▶ _AVAILABLE RECORDS_:
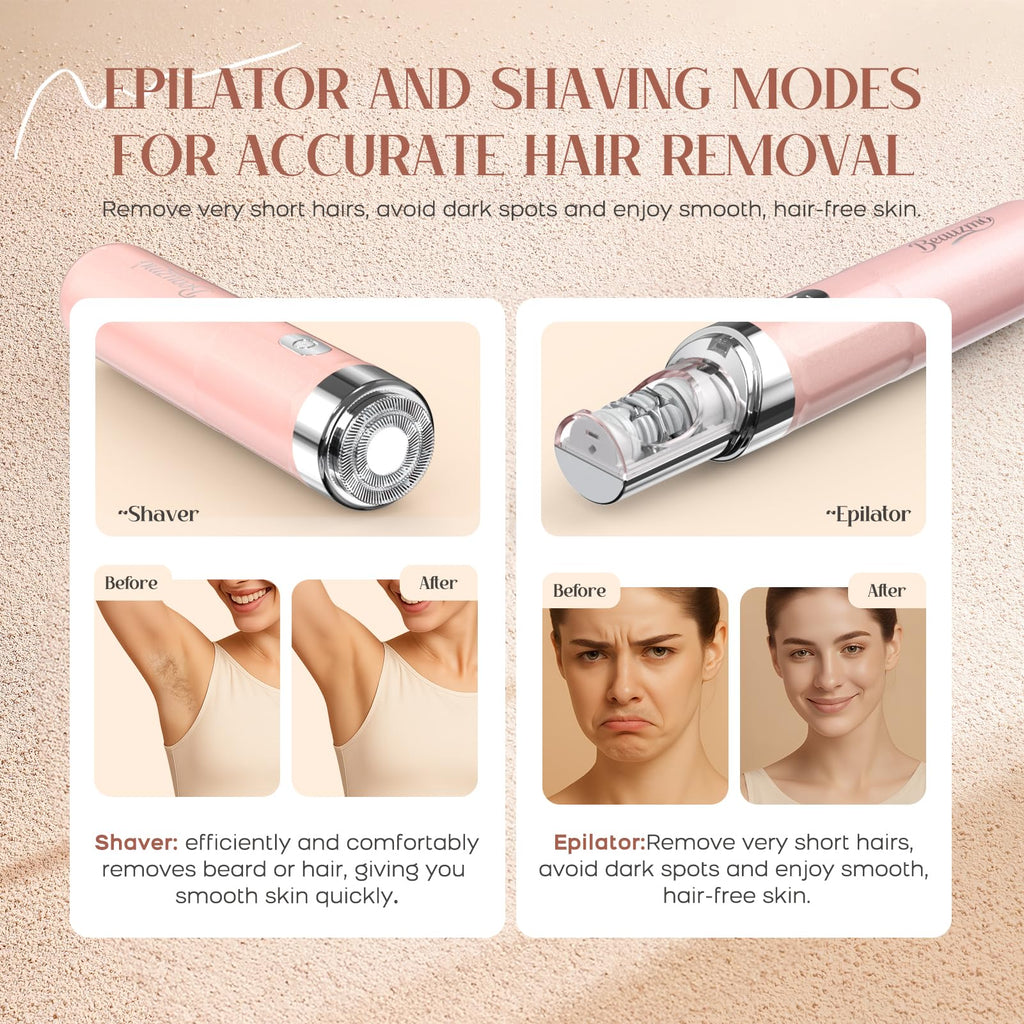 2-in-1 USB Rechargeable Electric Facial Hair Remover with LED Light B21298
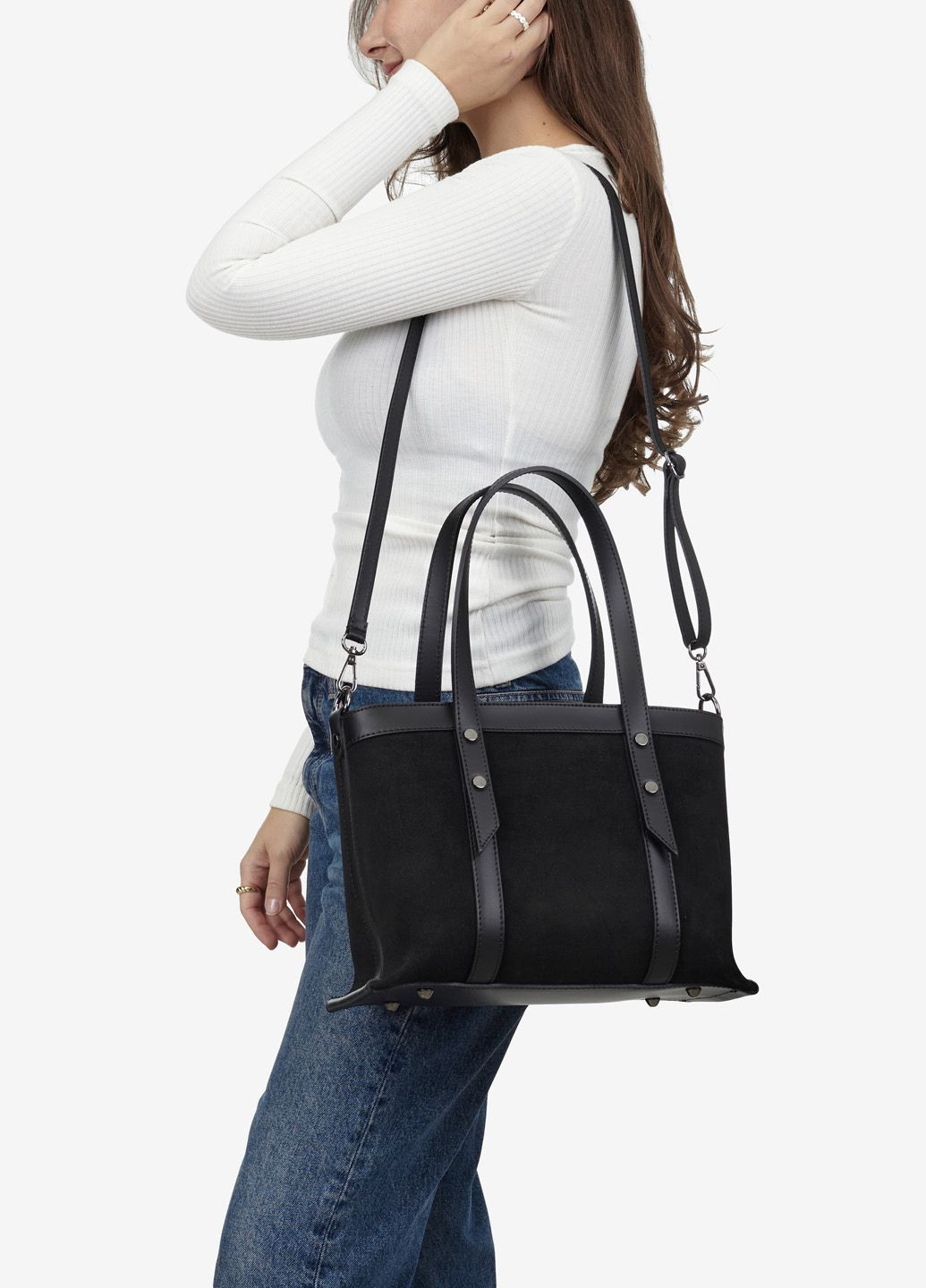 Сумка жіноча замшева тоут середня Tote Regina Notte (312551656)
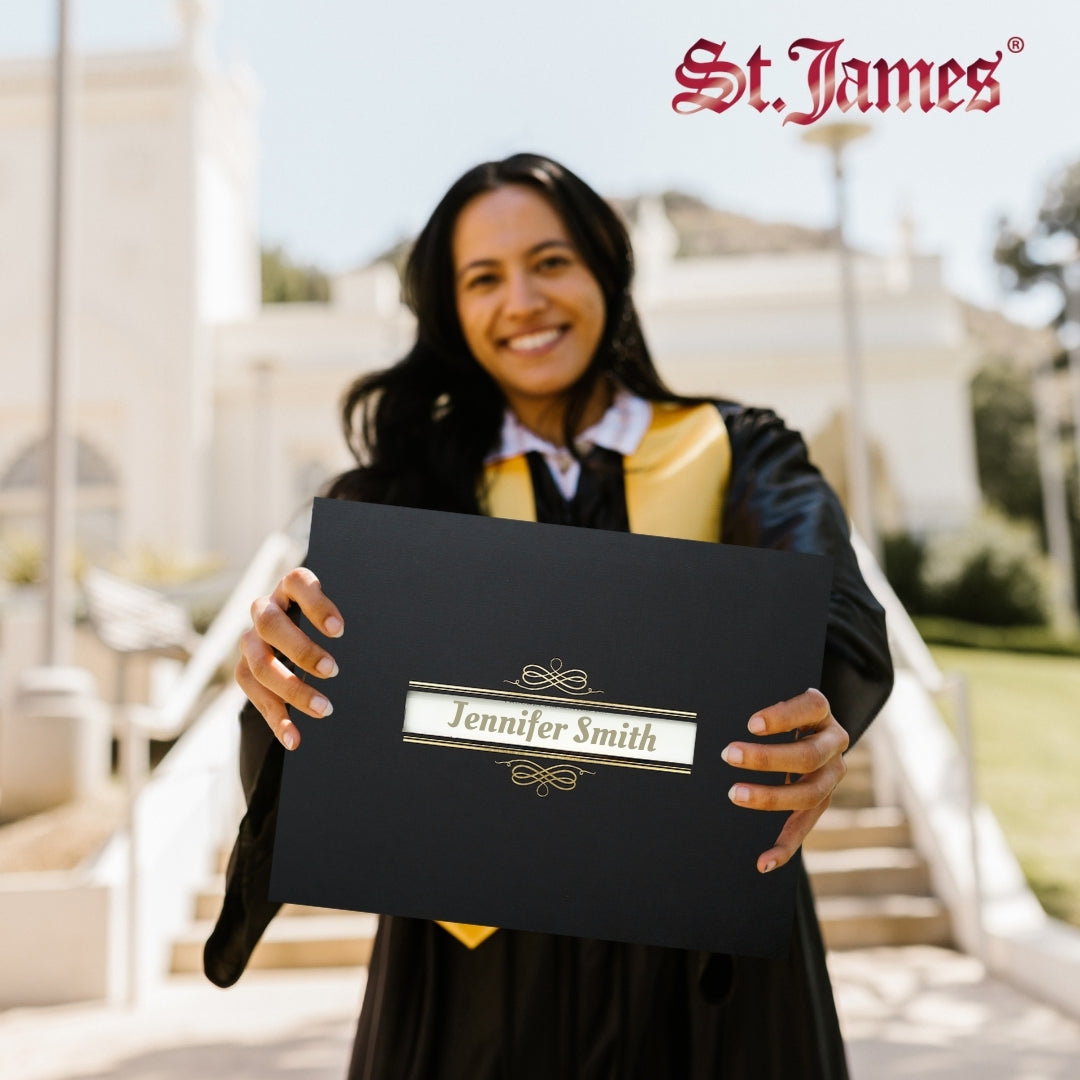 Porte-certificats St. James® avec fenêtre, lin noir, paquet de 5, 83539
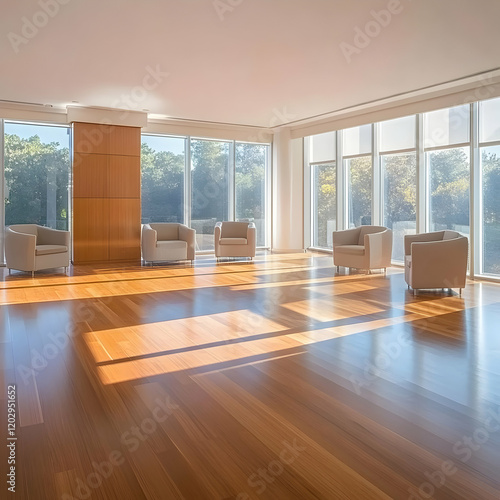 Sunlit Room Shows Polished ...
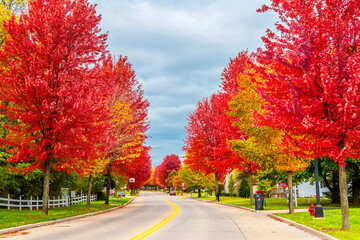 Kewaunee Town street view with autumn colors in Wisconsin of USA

▶ _PROBLEM STATEMENT_:
Transcribe all of the listing precisely. The images stay out of it.

▶ _OUTPUT OF THE TASK_:
 2-in-1 USB Rechargeable Electric Facial Hair Remover with LED Light B21298
 Сумка жіноча замшева тоут середня Tote Regina Notte (312551656)
 Porte-certificats St. James® avec fenêtre, lin noir, paquet de 5, 83539
 Sunlit Room Shows Polished ...
 Kewaunee Town street view with autumn colors in Wisconsin of USA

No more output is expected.